Items from a data source
----------------------------------------
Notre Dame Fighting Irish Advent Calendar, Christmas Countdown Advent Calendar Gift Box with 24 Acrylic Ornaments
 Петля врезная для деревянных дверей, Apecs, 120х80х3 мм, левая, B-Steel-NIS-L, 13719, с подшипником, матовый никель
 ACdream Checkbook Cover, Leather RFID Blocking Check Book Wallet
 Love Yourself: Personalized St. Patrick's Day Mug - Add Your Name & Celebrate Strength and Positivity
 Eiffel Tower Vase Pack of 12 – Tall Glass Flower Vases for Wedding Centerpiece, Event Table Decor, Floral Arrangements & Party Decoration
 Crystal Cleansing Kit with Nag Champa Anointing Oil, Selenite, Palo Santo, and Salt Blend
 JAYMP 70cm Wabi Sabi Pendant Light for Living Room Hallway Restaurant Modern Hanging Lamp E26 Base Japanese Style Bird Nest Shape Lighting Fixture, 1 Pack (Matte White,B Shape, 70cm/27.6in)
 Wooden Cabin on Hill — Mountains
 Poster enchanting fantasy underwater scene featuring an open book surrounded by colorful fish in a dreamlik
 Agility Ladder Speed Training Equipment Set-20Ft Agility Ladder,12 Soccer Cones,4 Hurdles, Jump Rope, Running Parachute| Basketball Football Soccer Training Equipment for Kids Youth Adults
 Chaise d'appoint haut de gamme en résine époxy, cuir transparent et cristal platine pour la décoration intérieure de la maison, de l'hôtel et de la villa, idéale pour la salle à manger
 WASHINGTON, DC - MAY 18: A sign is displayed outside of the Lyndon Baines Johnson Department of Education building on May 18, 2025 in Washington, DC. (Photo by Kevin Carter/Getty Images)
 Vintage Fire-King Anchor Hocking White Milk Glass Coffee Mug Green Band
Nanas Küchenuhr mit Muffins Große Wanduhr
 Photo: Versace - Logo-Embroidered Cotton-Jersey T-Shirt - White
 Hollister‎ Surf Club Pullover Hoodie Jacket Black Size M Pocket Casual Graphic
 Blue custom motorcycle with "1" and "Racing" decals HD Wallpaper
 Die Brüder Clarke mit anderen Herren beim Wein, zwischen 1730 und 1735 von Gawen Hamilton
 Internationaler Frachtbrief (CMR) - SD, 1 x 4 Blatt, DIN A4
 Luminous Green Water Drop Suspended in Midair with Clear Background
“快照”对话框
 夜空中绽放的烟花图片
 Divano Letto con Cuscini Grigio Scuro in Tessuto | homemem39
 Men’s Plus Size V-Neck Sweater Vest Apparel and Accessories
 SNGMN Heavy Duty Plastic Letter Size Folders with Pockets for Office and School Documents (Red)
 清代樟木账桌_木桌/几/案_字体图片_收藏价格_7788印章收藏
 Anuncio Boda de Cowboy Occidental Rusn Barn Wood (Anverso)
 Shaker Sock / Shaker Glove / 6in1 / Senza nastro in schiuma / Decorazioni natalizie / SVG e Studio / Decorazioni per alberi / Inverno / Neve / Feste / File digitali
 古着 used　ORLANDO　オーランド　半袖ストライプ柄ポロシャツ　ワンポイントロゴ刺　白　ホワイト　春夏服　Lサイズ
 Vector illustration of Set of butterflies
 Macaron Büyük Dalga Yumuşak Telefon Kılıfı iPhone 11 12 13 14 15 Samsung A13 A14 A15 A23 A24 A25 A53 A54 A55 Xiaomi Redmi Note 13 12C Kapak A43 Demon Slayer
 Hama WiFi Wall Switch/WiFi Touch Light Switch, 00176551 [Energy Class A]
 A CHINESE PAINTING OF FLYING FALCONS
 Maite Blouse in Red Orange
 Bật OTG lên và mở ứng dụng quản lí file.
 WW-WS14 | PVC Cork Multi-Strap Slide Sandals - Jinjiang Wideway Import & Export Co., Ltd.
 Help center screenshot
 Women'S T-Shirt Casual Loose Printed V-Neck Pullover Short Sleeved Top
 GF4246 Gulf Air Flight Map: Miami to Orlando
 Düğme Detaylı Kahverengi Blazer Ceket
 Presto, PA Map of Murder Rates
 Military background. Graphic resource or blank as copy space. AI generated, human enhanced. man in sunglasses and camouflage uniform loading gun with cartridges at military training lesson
----------------------------------------
Work item:
The lines of the data, from the first through the one containing "Eiffel Tower Vase", are to be transcribed exactly.

Exercise result:
Notre Dame Fighting Irish Advent Calendar, Christmas Countdown Advent Calendar Gift Box with 24 Acrylic Ornaments
 Петля врезная для деревянных дверей, Apecs, 120х80х3 мм, левая, B-Steel-NIS-L, 13719, с подшипником, матовый никель
 ACdream Checkbook Cover, Leather RFID Blocking Check Book Wallet
 Love Yourself: Personalized St. Patrick's Day Mug - Add Your Name & Celebrate Strength and Positivity
 Eiffel Tower Vase Pack of 12 – Tall Glass Flower Vases for Wedding Centerpiece, Event Table Decor, Floral Arrangements & Party Decoration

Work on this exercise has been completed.